CHULA VISTA, Calif. (KGTV) — As the Republic Services workers strike enters a fourth week, more community leaders are speaking out, frustrated with overflowing trashcans and dumpsters at homes and apartments throughout San Diego County.
Last week, union sanitation workers rejected a contract proposal by Republic Services. Strikers returned to the picket line for what is now day 24 for better wages and safety equipment.
Sunday, Teamsters Local 542 members employed by Republic Services held a meeting after the failed deal.
"Members expressed their desire to continue with the strike until the company provides an offer that will take care of their concerns," the union told 10News.

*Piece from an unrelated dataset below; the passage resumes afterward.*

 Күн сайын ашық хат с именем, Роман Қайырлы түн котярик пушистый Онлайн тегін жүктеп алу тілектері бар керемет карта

"We believe that both parties have a responsibility to solve this as quickly as possible because the public is suffering," said Brian Bonner, President of the NAACP San Diego Branch.

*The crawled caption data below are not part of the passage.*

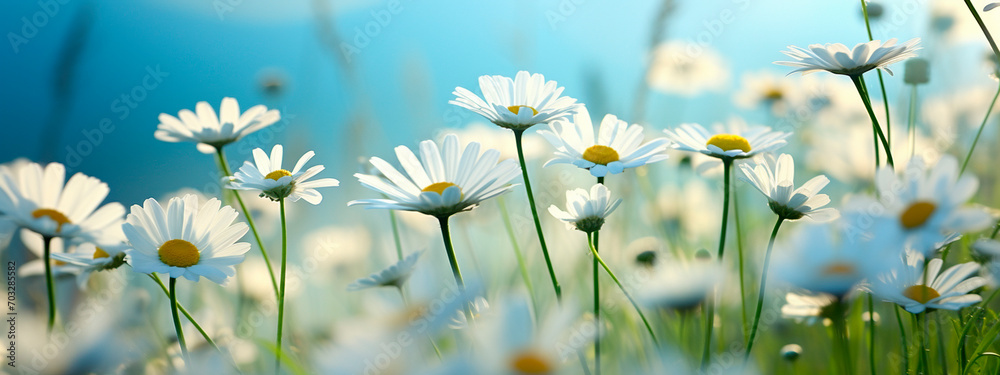 chamomile flowers on the field. Selective focus.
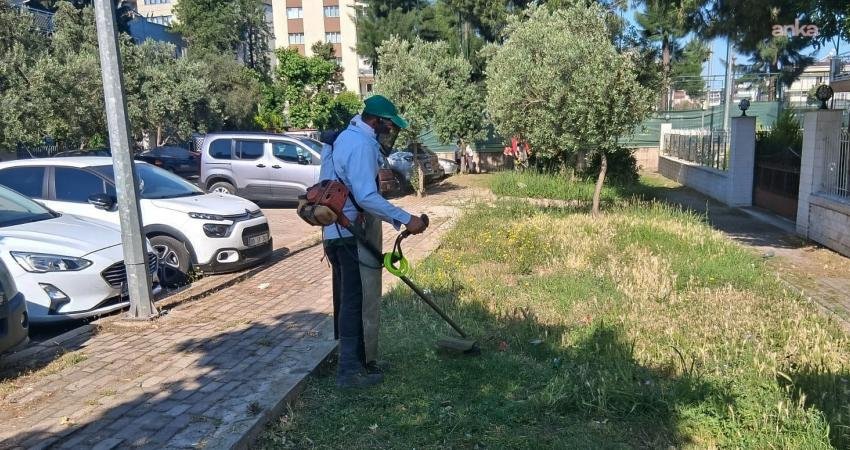 Efeler Belediyesi Park ve Bahçeler Müdürlüğü ekipleri, ilçe genelinde estetik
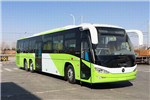 福田歐輝BJ6147C8BTD-1公交車（天然氣國五25-54座）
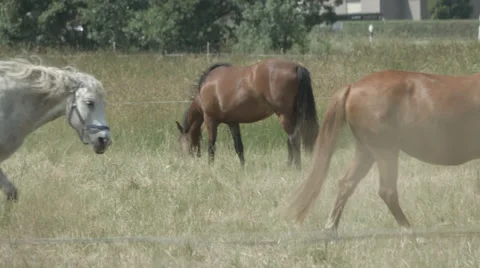 A white Horse walks quickly over the Paddock in 4K Stock Footage 66448247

Republic Services has brought in fill-in crews to help with the trash buildup, but dumpsters and recycling bins continue to overflow in some areas.
Bonner said the organization is "deeply concerned" about the environmental and health impacts.
He said some people have resorted to hauling their trash to nearby apartment complex dumpsters, only adding to the pileup.
Others are forced to dump their trash at a landfill themselves, which also poses a risk.
"When they get to the landfills, these are areas that also are emitting methane and other hazardous vapors as well," said Bonner.
The organization calls on city and county leaders to implement temporary measures to mitigate impacts.
"You can smell it [trash] when you walk outside your apartment door, and that's disgusting," said Jennifer Cabrera.
For weeks, Cabrera has watched the trash pile up at her Chula Vista apartment.
"With all the extra trash people have around the holidays, it's just gotten out of control... the smell, the rats, it's just bad," said Cabrera.
This weekend, Chula Vista Mayor Mary Salas tweeted a statement saying the strike is a threat to health and public safety.
Salas said Republic Services promises all trash, recycling, and yard waste will be collected starting Jan. 10 but says the issue won't be resolved until the strike is settled.
"Our trash collectors, many of whom are Chula Vista residents deserve a fair contract," said Salas.
The mayor said they will discuss the trash strike at the city council meeting on Tuesday.
She said she will ask the council to consider the city taking on trash collection or using another company for the service.